RIYADH: Banks in Saudi Arabia reported an aggregate profit of SR7.43 billion ($1.98 billion) in March, up 23.2 percent compared to the same month in 2022, the latest data from the Saudi Central Bank showed.
According to the report from the bank, also known as SAMA, the aggregate assets of banks operating in the Kingdom also went up by 11.17 percent year-on-year to SR3.74 trillion in March.
In its monthly statistical bulletins, SAMA covers the results of Tadawul-listed banks and some foreign banks operating in Saudi Arabia.
The latest report further noted the combined deposits in these banks rose 11 percent year-on-year to SR2.40 trillion.
It also revealed that loans given to private entities in the Kingdom rose over 10 percent year-on-year to SR2.35 trillion in March, indicating a growth in the non-oil private sector.
In February, banks in Saudi Arabia provided loans worth SR2.32 trillion, slightly up from SR2.29 trillion disbursed in January.
“The Q1 2023 profitability growth numbers for the sector and the quarterly earnings reported by the banks so far indicate that the corporate-focused banks are benefiting from the higher rate environment,” commented financial services company Al-Rajhi Capital on the latest bulletin.
It added: “We maintain our positive view on corporate-focused banks, as we believe the credit growth in the system will be driven by the corporate banks.
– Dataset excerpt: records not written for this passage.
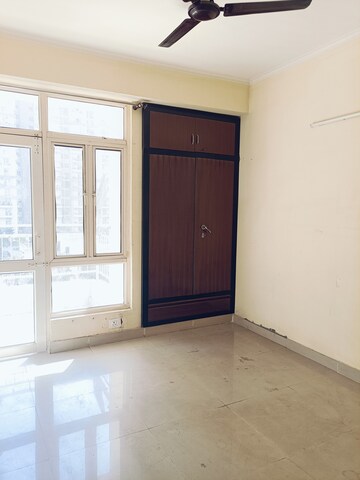 Room in 2 BHK Apartment at Supertech Ecovillage I, Sector 1 Greater Noida – for Rent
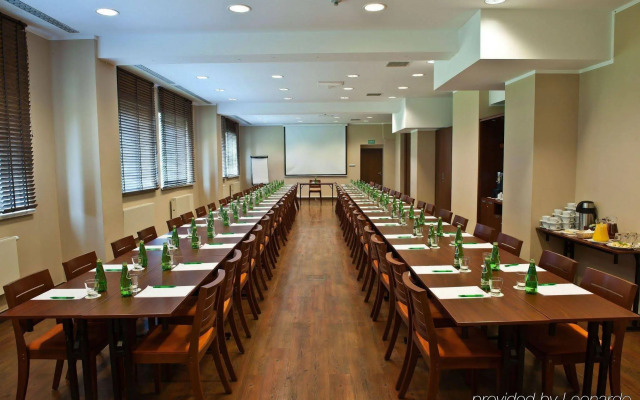 DeSilva Inn Katowice Airport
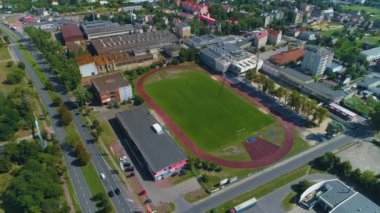 Ostrow Wielkopolski Stadyumu 'ndaki Ks Stadyumu hava manzaralı Polonya. Yüksek kalite 4k görüntü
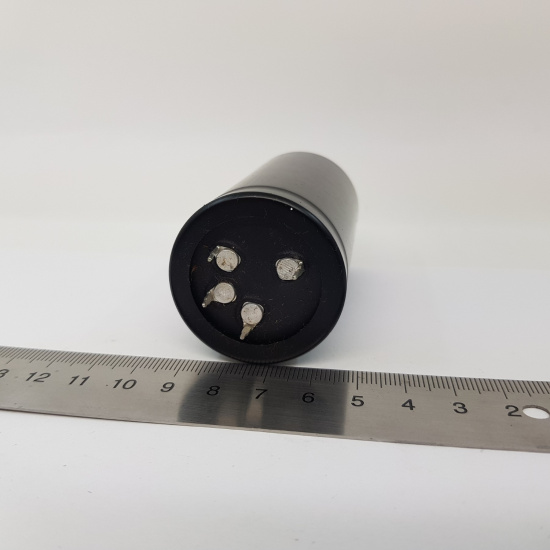 1 X ELECTROLYTIC CAPACITOR RUBYCON...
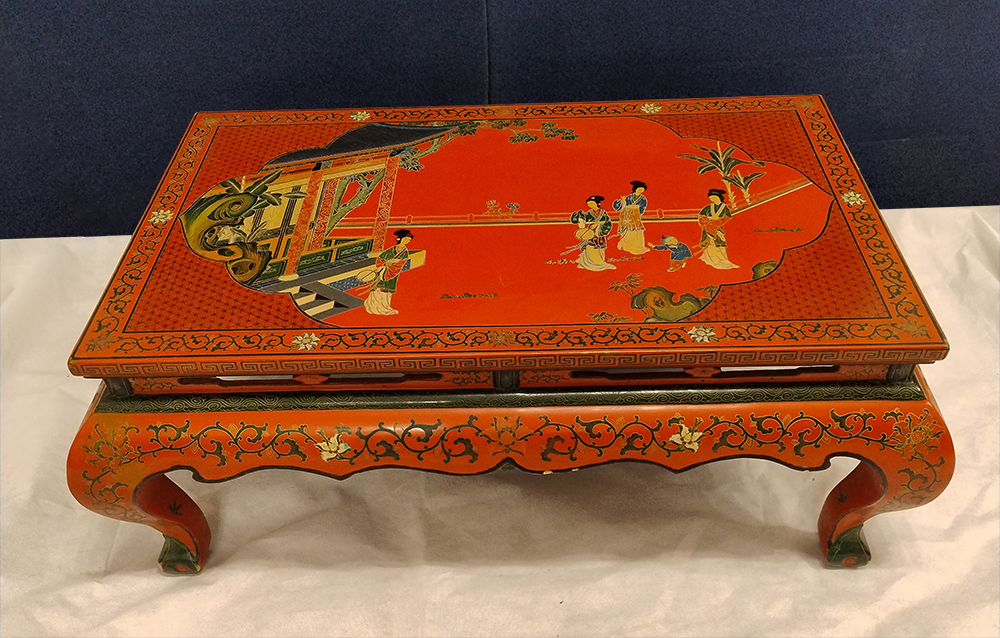 [Z/1818] Tavolino in legno laccato e dipinto in rosso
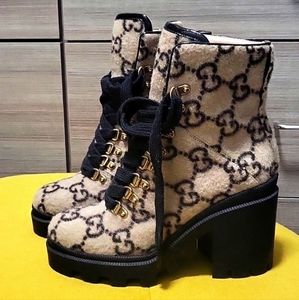 Gucci GG logo winter ankle boots with removable straps size 36 black beige cream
Moreover, in terms of NIMs (net interest margin), we believe that the corporate banks are well-positioned to benefit.”
The report, however, added that the value of assets held by SAMA decreased by SR71.42 billion month-on-month to SR1.85 trillion in March, while on a year-on-year basis, it shrunk by SR33.4 billion.
SAMA’s investments in foreign securities, which account for 56 percent of the central bank’s total assets, declined by more than 8 percent year-on-year in March to around SR1.02 trillion.
The central bank’s deposits in banks abroad rose by 19.88 percent year-on-year to SR337.61 billion, compared to SR281.62 billion in March 2022.